Но я видел Лайму. Стоило ненадолго прикрыть глаза, как передо мной возникала она. На фоне окна в пустом и темном танцклассе.
Ее голова наклонена, выбившаяся прядка, извиваясь, касается щеки. Глаза закрыты, а между бровей маленькая складка. О чем она волнуется? Чего боится?
А потом ее рука, тонкое запястье, которое страшно крепко сжимать, – кажется, ничего не стоит сделать ей больно. И я тяну ее за собой, помня об этом, о том, что держать ее надо осторожно, как птицу.
И вот мы снова кружимся. Я снова вспоминаю, как это, словно пролежав триста лет в земле, наконец проснулся и смог сделать вдох.
Медленный фокстрот заставляет нас раскачиваться на волнах.

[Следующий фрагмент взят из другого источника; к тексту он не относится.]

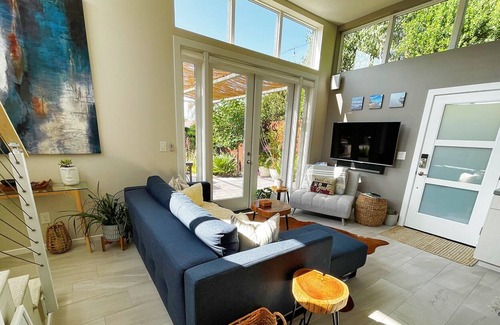 East San Roque House | CONTEMPORARY HOME in SB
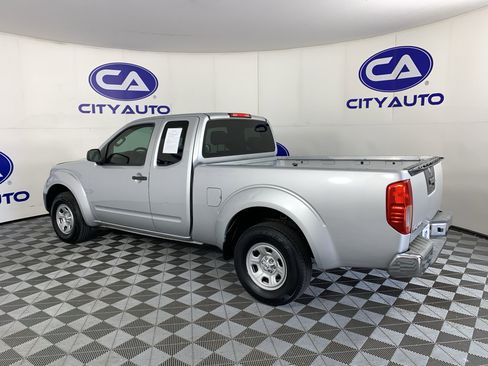 Used 2015 Nissan Frontier S RWD image 5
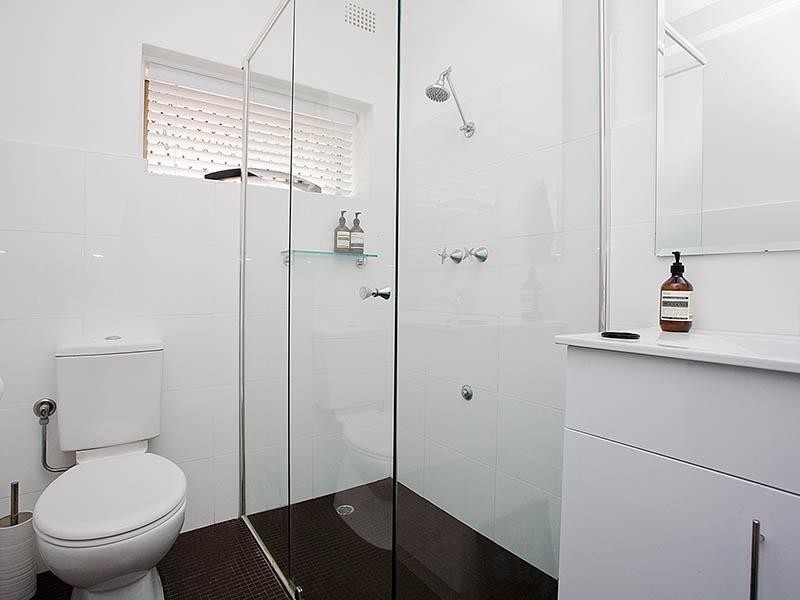 2/51 Kings Road, Brighton-le-sands NSW 2216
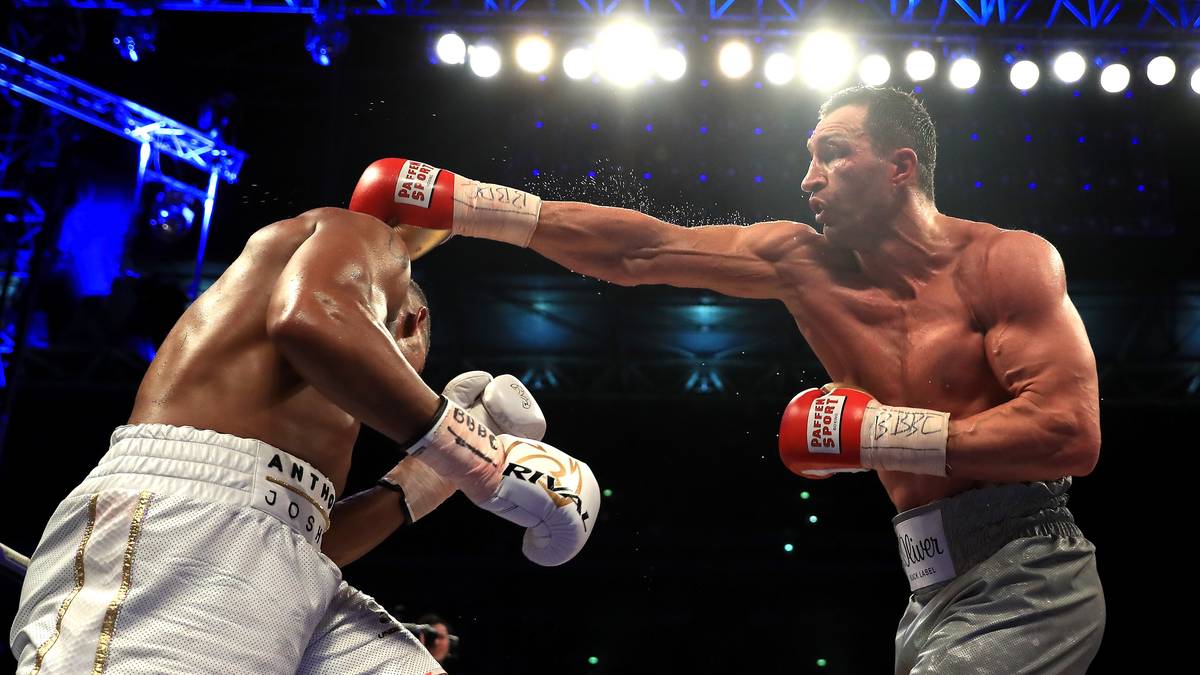 In der Folge entwickelt sich ein Kampf auf Augenhöhe, dessen Ausgang völlig offen scheint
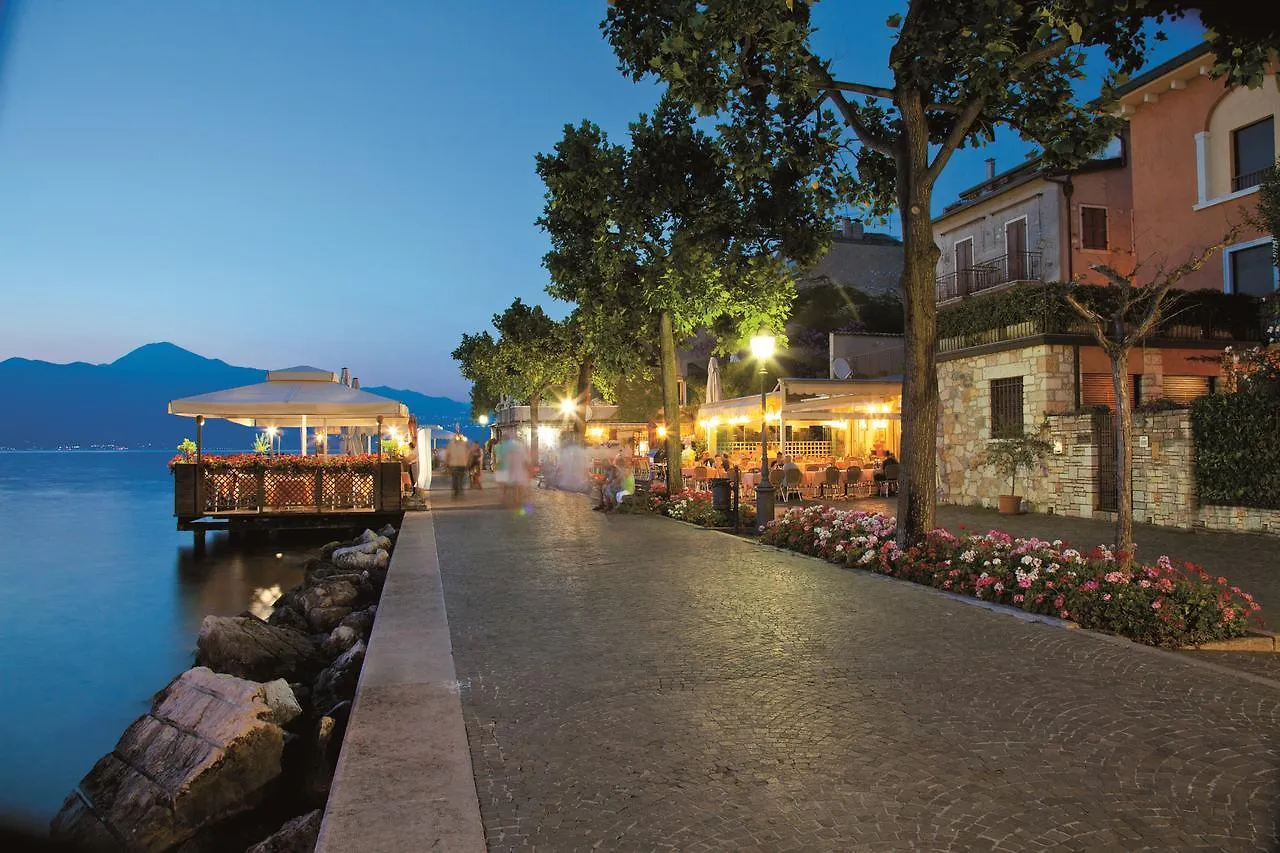 Affittacamere Hotel Casa Vacanza - Casa del Padre Nascimbeni Torri Del Benaco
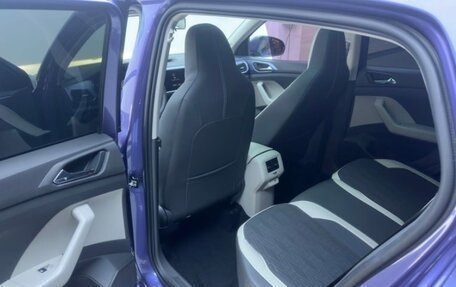 Volkswagen T-Cross I, 2022 год, 1 640 000 рублей, 6 фотография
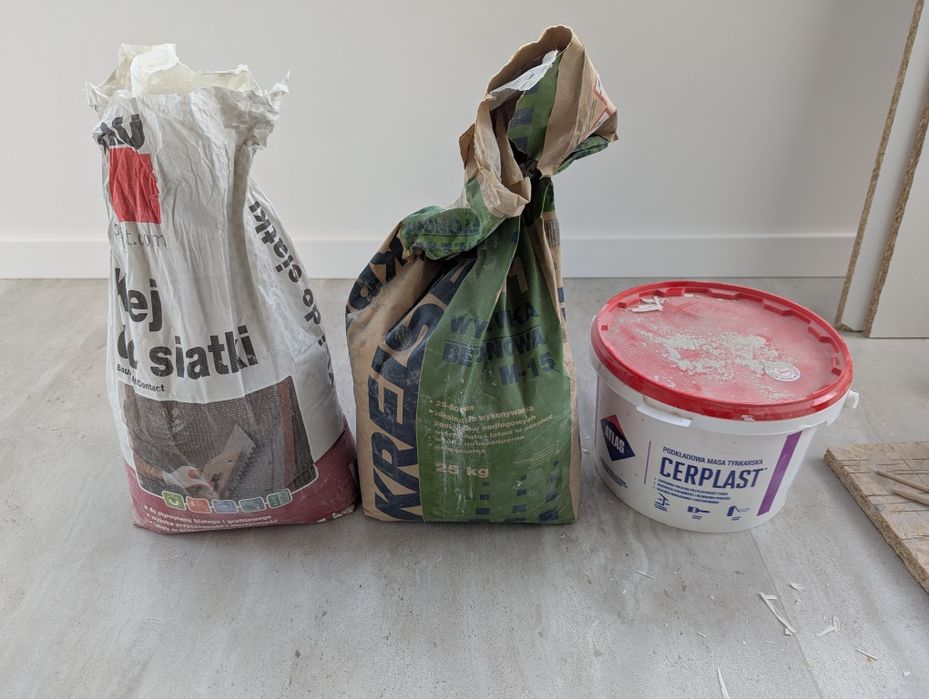 Klej do siatki, wylewka, cerplast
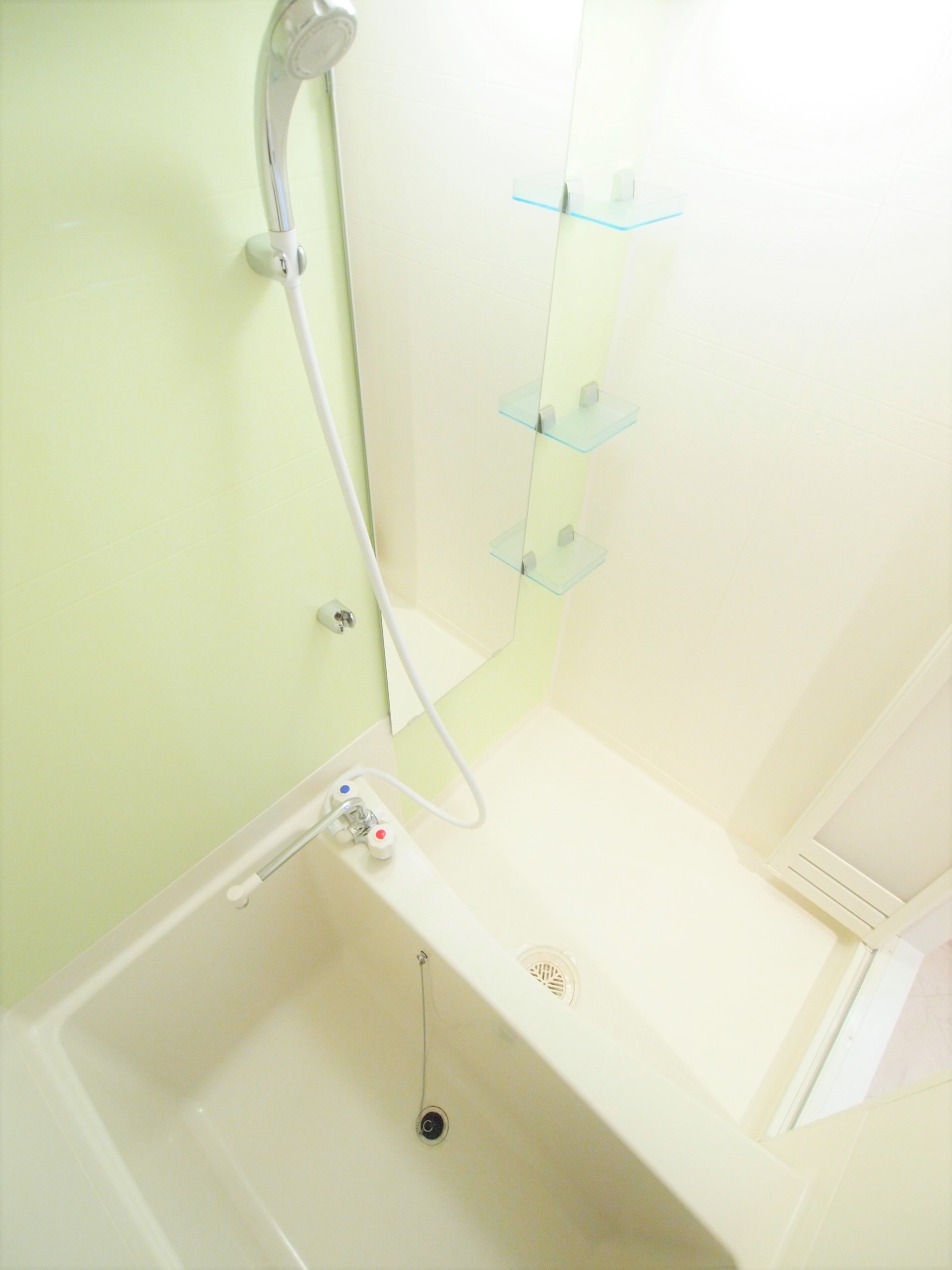 バス・シャワールーム　★お洒落な☆アクセントはポイント☆水廻り良好です(^▽^)★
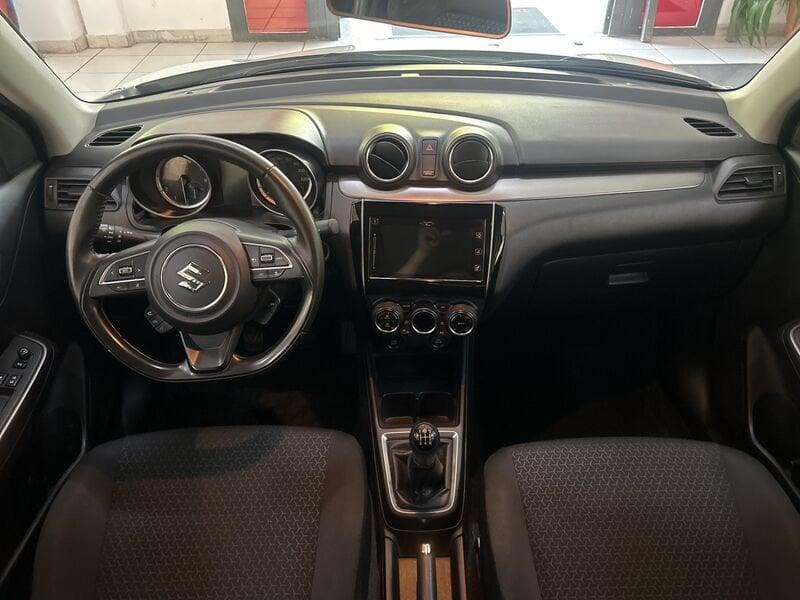 Suzuki Swift 1.2 Hybrid Top
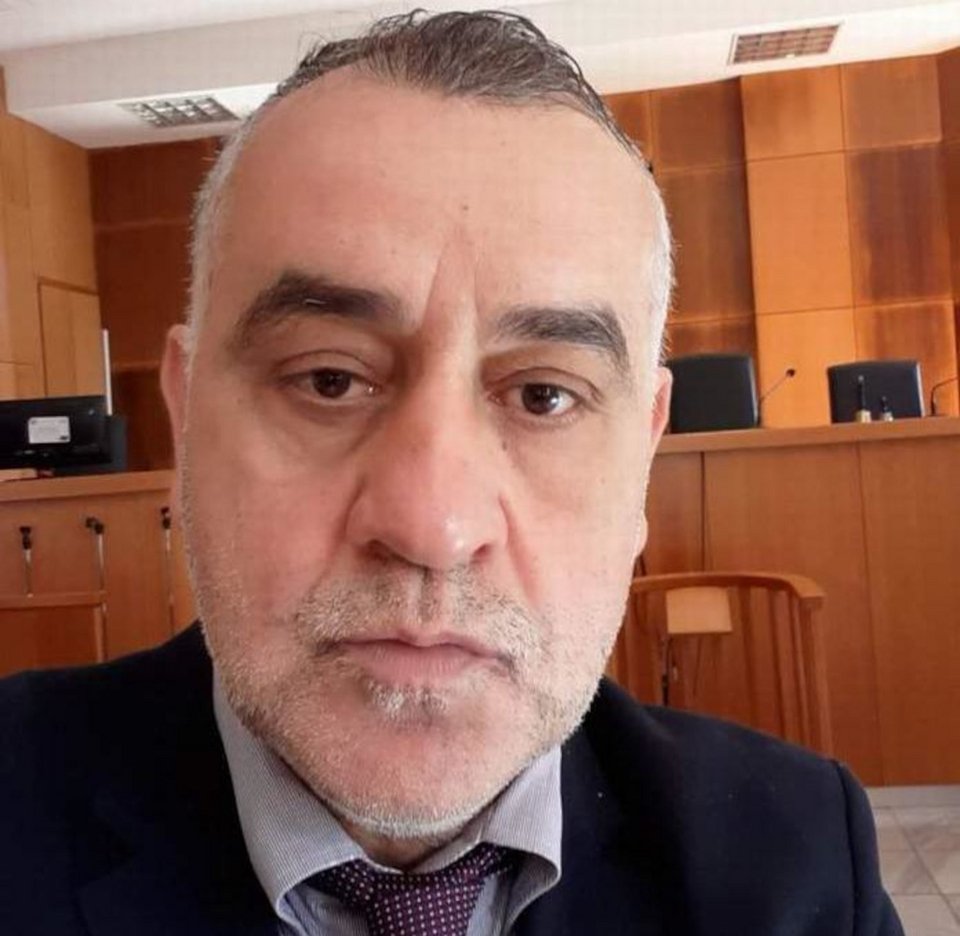 Ο δικηγόρος Βασίλης Νουλέζας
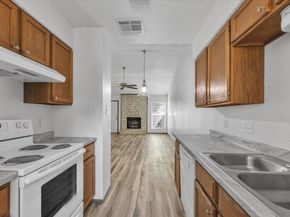 8713 Pineridge DR, Austin TX 78729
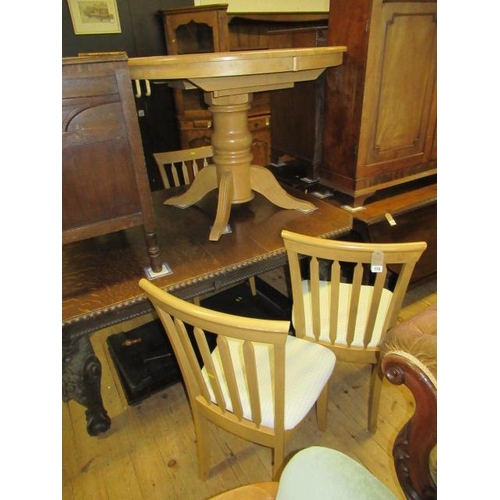 773 - CIRCULAR EXTENDING PEDESTAL TABLE AND FOUR CHAIRS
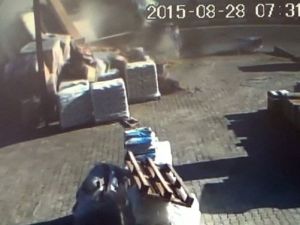 Kamyonla TIR’ın çarpıştığı kaza kamerada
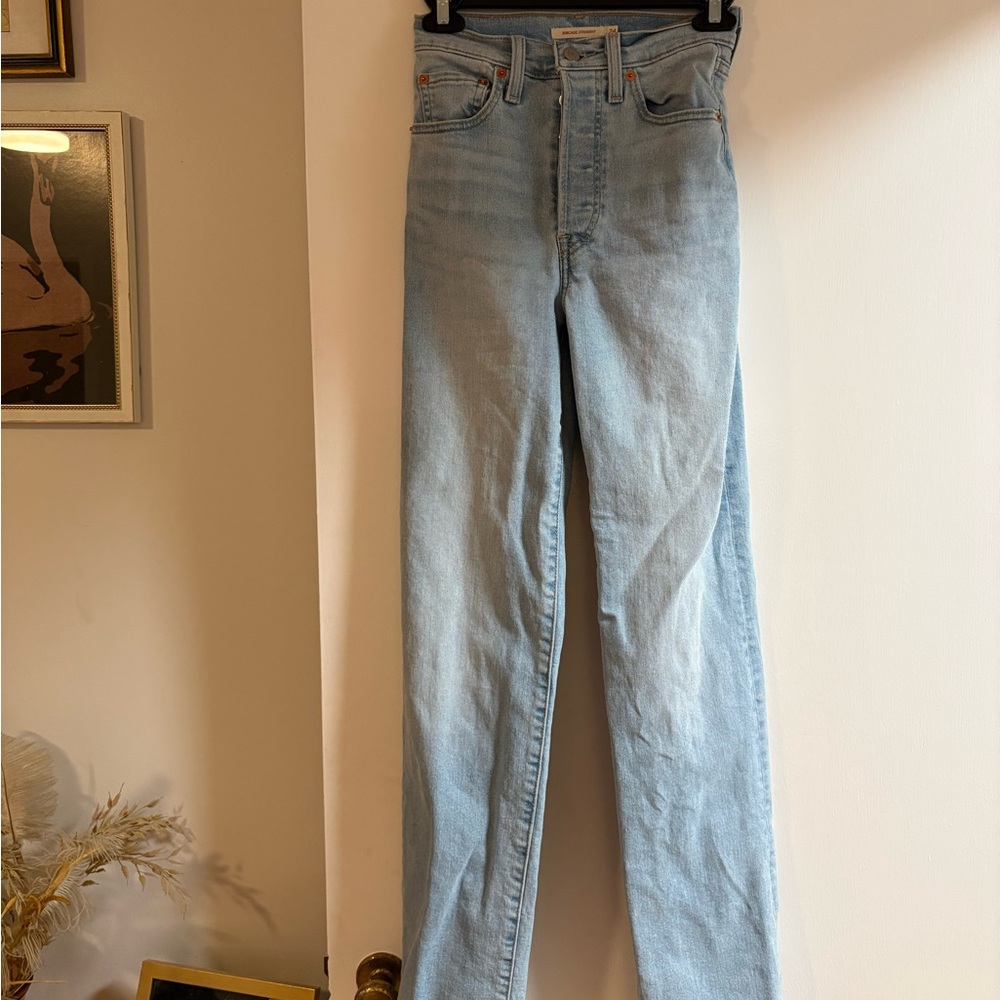 Levi’s Straight Leg high waisted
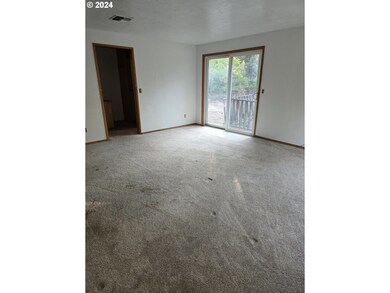 5950 Riverbanks Rd, Grants Pass, OR 97527 - photo 7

Размеренный шаг, взлет, который тянется два счета, а потом два быстрых, чтобы спуститься и снова приготовиться к подъему. Ра-а-аз – два – три, ра-а-аз – два – три…
И вдруг наше скольжение, наш танец, наша только что начавшаяся жизнь – все обрывается. Привычно, такое уже случалось, и не раз. После той аварии мы с Лаймой так и жили – воздух глотками, от боли до боли.
И мне жалко, жалко до разрыва души, но не себя и не танец, а Лайму. А она корит себя, ненавидит, и я наконец понимаю, что наделал. Дал надежду, которая тут же растаяла в воздухе. Пообещал – но все пошло прахом.
И потом на миг затишье – ни боли, ни вины, ни страха. Только она сама – сама нежность, сама женственность. Только одно прикосновение, губы к губам, – и этот разряд. И мое тело уже не только мое, а ее – не только ее. Нас так и притягивает друг к другу, как будто мы на палубе качающегося корабля, и мы раз за разом падаем друг на друга и, даже если хотим оторваться, не получается, потому что новая волна снова качает корабль. Пальцы трогают кожу, губы трогают кожу, мою, ее. Горят и губы, и пальцы, и кожа. И в свитере жарко, и от рук жарко, и от губ…
И вдруг толчок. Палуба наконец встала ровно, больше не качает, не набрасывает друг на друга, не притягивает. Все тот же танцкласс. Лайма на полу. Глаза огромные, а в них ужас человека, пережившего кораблекрушение.
И надо уйти, надо забыть, но как забудешь, если и губы, и руки, и кожа так и горят. До сих пор горят.
Как и щека.
Я смотрел на спину Ани, на ее талию, бедра, ноги. Слушал ее голос.
А потом бесшумно затворил дверь, и снова по коридору – к лифту, на ходу вызывая такси.
Глава 24
– Делай с ним что хочешь, Соболевская, – услышал я шепот Слонихи за дверью. – Но если ты из него эту дурь не выбьешь, я вообще не знаю, что с ним делать.
Я хотел было выйти в коридор, но дверь вдруг распахнулась, и Лайма вошла в танцкласс.
Я был зол на Слониху – куда она вообще свой хобот пихает? – но вид замершей на пороге Лаймы словно бы парализовал меня самого.
Она не приходила сюда с того самого дня, как, лежа здесь на полу, приняла решение бросить спорт.
Видеть ее здесь было и радостно, и больно одновременно. Именно тут, в танцклассе, стала особенно четко просматриваться перемена в ее внешности. Лайма заметно осунулась, истончилась и побледнела.